La Lega segnala presunta ineleggibilità di Francesca Losi a Lecco. Il Partito Popolare del Nord accusa il Carroccio di “mosse disperate” e tradimento degli ideali: «Norme rispettate, trucchi da azzeccagarbugli»
Lettura 1 min.Lecco
«La Lega Salvini premier fa le mosse della disperazione». È durissima la replica di Roberto Castelli, ex ministro della Giustizia nonché fondatore e tuttora leader di Partito popolare del nord, alla scelta del Carroccio di inviare una segnalazione a prefetto, segretario generale del Comune di Lecco e commissione elettorale in merito alla presunta ineleggibilità di Francesca Losi, candidato sindaco del partito alle comunali di Lecco del 24 – 25 maggio. Secondo la tesi presentata dai leghisti le mancate dimissioni di Losi da consigliere comunale a Pontida prima della sottoscrizione della candidatura porterebbero all’ineleggibilità alla carica di consigliere comunale o sindaco di Lecco.
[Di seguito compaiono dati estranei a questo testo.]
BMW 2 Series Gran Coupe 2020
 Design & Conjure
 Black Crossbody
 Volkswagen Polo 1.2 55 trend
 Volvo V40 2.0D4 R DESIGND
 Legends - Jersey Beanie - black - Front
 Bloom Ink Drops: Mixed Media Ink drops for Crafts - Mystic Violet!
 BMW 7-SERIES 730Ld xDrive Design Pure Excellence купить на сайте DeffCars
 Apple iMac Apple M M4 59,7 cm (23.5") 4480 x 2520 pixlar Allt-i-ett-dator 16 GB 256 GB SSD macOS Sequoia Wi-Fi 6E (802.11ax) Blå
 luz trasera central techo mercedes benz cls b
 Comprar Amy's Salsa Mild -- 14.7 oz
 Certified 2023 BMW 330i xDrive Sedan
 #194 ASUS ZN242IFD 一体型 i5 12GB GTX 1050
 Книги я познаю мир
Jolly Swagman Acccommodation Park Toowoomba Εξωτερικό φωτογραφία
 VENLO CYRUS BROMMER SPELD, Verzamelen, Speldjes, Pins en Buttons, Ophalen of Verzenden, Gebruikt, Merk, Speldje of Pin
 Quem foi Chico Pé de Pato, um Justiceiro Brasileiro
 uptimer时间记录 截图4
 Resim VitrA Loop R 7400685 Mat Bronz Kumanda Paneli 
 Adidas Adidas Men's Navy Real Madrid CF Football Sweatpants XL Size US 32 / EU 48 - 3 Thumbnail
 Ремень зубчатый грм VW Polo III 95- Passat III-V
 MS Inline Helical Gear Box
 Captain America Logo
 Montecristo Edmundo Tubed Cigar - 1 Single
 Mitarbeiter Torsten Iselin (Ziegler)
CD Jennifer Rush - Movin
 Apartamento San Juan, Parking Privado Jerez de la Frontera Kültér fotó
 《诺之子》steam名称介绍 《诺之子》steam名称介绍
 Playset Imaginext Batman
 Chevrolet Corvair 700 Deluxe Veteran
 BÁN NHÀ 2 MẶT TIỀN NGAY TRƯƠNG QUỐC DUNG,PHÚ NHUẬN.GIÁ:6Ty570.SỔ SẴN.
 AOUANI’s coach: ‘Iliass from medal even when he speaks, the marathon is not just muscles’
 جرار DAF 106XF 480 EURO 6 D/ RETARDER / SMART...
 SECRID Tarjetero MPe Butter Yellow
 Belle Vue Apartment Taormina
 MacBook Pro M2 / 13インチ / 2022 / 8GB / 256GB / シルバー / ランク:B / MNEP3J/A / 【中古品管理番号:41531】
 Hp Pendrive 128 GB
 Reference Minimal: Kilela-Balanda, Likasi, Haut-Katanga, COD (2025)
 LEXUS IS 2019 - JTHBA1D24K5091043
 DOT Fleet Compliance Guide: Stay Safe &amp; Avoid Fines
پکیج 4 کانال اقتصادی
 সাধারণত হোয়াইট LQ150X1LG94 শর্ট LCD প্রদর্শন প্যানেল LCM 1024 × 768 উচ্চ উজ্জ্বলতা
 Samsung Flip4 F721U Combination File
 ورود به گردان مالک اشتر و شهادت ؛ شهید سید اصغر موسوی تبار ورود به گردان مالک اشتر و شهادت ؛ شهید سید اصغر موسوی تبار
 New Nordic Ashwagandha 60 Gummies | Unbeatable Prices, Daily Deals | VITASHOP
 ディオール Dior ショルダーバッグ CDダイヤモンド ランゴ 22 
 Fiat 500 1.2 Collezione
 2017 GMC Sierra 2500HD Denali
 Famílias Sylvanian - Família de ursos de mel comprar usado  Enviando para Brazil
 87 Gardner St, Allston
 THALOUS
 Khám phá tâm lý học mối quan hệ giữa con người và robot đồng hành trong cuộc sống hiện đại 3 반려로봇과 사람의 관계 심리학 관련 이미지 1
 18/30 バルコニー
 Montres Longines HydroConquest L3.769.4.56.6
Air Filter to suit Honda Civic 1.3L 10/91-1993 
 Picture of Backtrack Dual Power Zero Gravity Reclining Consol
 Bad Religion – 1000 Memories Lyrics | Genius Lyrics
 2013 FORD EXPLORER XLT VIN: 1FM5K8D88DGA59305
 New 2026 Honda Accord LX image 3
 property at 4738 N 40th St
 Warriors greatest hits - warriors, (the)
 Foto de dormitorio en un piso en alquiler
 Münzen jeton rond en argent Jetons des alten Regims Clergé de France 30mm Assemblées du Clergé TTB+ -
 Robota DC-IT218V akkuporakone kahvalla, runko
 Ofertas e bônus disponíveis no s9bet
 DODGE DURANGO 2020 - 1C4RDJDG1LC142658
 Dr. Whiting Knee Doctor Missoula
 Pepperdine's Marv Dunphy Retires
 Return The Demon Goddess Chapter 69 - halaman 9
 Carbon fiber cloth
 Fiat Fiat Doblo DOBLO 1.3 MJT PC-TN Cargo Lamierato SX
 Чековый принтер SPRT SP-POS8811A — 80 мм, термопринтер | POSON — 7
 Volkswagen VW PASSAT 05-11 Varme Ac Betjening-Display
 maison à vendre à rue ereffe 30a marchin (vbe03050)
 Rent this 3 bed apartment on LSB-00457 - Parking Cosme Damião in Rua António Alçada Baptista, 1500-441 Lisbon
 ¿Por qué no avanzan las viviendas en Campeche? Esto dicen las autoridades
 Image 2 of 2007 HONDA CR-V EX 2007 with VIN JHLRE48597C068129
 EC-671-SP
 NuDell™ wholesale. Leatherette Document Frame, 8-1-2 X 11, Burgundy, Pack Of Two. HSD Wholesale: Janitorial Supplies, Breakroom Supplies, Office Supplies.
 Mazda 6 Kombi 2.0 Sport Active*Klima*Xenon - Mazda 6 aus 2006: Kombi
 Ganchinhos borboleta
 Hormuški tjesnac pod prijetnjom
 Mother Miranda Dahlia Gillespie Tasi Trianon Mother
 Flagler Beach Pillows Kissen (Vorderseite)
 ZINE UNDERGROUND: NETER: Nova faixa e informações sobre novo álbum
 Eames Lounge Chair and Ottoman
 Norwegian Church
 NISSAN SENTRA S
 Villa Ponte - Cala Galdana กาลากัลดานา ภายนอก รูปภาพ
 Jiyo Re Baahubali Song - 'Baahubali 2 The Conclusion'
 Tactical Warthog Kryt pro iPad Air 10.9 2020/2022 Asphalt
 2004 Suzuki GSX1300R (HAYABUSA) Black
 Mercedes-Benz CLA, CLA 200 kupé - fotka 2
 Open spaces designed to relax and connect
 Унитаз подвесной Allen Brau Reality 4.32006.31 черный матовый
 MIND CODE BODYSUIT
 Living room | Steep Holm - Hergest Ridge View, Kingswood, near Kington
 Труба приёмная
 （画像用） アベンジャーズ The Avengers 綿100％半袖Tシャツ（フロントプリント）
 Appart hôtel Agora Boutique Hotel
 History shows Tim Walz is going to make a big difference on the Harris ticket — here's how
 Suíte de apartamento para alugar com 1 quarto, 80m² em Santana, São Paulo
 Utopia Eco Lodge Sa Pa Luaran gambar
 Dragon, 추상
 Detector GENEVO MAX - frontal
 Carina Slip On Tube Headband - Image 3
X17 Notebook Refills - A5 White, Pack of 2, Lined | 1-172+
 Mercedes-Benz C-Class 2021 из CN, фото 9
«Riteniamo di aver rispettato le norme e ciò è testimoniato dal fatto che la candidatura è stata ammessa. Da un punto di vista della legittimità siamo sereni e si esprimeranno gli organi competenti nelle sedi opportune» osserva Castelli. A sostegno della loro tesi, i leghisti hanno richiamato tre pareri del Dipartimento per gli affari interni e territoriali del Ministero dell’Interno e una sentenza della Corte di Cassazione del 2006. Il caso verrà affrontato nel dettaglio dopo il voto in caso di elezione di Losi a sindaco o consigliere comunale.
«È molto triste – aggiunge Castelli – per chi, come noi, è stato partecipe della vita della Lega nord, la quale, piaccia o no, ha influito in modo determinante nelle vicende degli ultimi trent’anni della vita politica italiana, vedere gli ultimi epigoni di un partito che ne ha tradito gli ideali ricorrere a questi mezzucci che nulla hanno a che fare con una competizione elettorale degna di questo nome. Sono così disperati? Davvero sono loro i primi a ritenere che i voti, pochi, che raccoglieranno non deriveranno da un leale confronto di idee ma da trucchi da “azzeccagarbugli”? Di fronte a questo deserto prima etico che politico si rafforza ancora di più la convinzione che la scelta di fondare il Partito popolare del nord è stata ineludibile al fine di tenere accesa la fiammella della questione settentrionale da loro tradita e abbandonata».